Intro to Database Systems - Part 8 to 10 : Intermediate SQL
Using the next common keywords will return a column with only one row. They are called aggregate functions:
- 1) COUNT
- 2) AVG
- 3) SUM
- 4) MIN/MAX
1) COUNT : returns the number of rows matching a specific criteria.
- SELECT COUNT * FROM Skaters
- SELECT COUNT(CustomerID) AS OrdersFromCustomerID7 FROM Orders WHERE CustomerID=7;
- SELECT COUNT DISTINCT(CustomerID) FROM Orders : selects the number of distinct customers.
2) AVG : returns the average value of a column
- SELECT AVG(Price) FROM Products: the average price of the products column.
3) SUM : returns the sum value of a column
- SELECT SUM(Quantity) FROM OrderDetails : sum of all quantity fields for the “OrderDetails” table.
4) MAX/MIN : returns the largest/lowest value of the selected column.
- SELECT MAX(Price) AS HighestPrice FROM Products;
- SELECT MIN(Price) AS SmallestOrderPrice FROM Products;
Let’s investigate on some other common keywords now:
5) GROUP BY : a keyword to group elements by columns.
- SELECT Name SUM(Salary) FROM Customers GROUP BY Name;
- Another example is grouping all the grades of the same student under the same average: SELECT StudentName AVG(Grades) FROM Students GROUP BY (StudentID)
It’s important to keep it mind that the general form of GROUP BY is :
- SELECT column_name FROM table_name WHERE [ conditions ] GROUP BY column_name
6) HAVING : the keyword HAVING is to groups what WHERE is to columns. It’s a filter. It restricts the groups of returned rows to only those whose the condition is TRUE.
- SELECT Department, SUM(sales) AS “Total sales” FROM order_details GROUP BY Department HAVING SUM(sales) > 1000 : it filters in a way that only departments with sales greater than $1000 are returned.
- SELECT Department, COUNT( * ) AS “Number of employees” FROM Employees WHERE salary > 25000 GROUP BY Department HAVING COUNT ( * ) > 10: only departments with more than 10 employees will be returned.

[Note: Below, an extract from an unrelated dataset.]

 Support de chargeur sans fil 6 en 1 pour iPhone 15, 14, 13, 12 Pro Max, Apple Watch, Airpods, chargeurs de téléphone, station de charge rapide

For now we’ve covered a pretty good intro to SQL tables. Let’s talk about 2 features of SQL that are a little more abstract now :
- VIEWS : virtual SQL tables
- NULL values : missing unknown data
1) VIEWS
The view is just like a table. Here is the general syntax:
- CREATE VIEW view_name AS SELECT column_name(s) FROM table_name WHERE condition
Now why should you use a VIEW instead of a normal table? For 3 reasons:
- 1) Hide complexity: if you want to join tables or have complex calculations to do, you can code it into a view and then select from a view as you would do with a table
- 2) Security: permissions can be set on views instead of underlying tables. We can then surface only on the data the user needs to see.

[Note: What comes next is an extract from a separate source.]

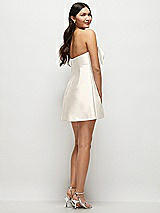 Rear View Thumbnail - Ivory Strapless Bell Skirt Satin Mini Dress with Oversized Bow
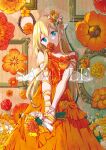  1girl amatsuka_poi bangs bare_shoulders blonde_hair blue_eyes chikanoko commentary_request dress flower flower_over_mouth hair_between_eyes hair_flower hair_ornament head_tilt holding holding_flower long_hair looking_at_viewer orange_dress orange_flower orange_rose picture_frame ragho_no_erika rose sample solo very_long_hair white_flower white_rose yellow_flower yellow_rose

- 3) Simplify code applied to the db : during refactoring, replace the table with a view of the same name. The original schema is preserved, we are altering only the copy of it.
We can CREATE views and then manipulate them:
- CREATE VIEW “Category Sales For 1997” AS SELECT DISTINCT CategoryName, SUM(ProductSales) AS CategorySales FROM “Product Sales for 1997” GROUP BY CategoryName : calculates the total sale for each category in 1997.
- SELECT * FROM “Category Sales For 1997”
- SELECT * FROM “Category Sales For 1997” WHERE CategoryName=‘Beverages’ : we add a condition in order to see the total sale only for the category “Beverages”.
To DROP views :
- DROP VIEW view_name
But what if we want to drop the table, and the table has a view associated it with? That’s when we use DROP TABLE CASCADE.
2) NULL VALUES
To select records that are null in our db we :
- SELECT LastName, FirstName, Address FROM Persons WHERE Address IS NULL
We can NOT compare to null. We get an “unknown” answer. We can evaluate this result either to “true”, “false” or again “unknown”. If we
NOT unknown we’ll obtain unknown once more.
Also * A OR B = unknown* when one of the following situations occur:
- (A = false and B = unknown)
- (A = unknown and B = false)
- (A = unknown and B = unknown)
Same for A AND B = unknown.
As a last note on NULL, please be aware that COUNT ( * ) actually counts the null values. The other aggregate operations simply ignore the NULL values.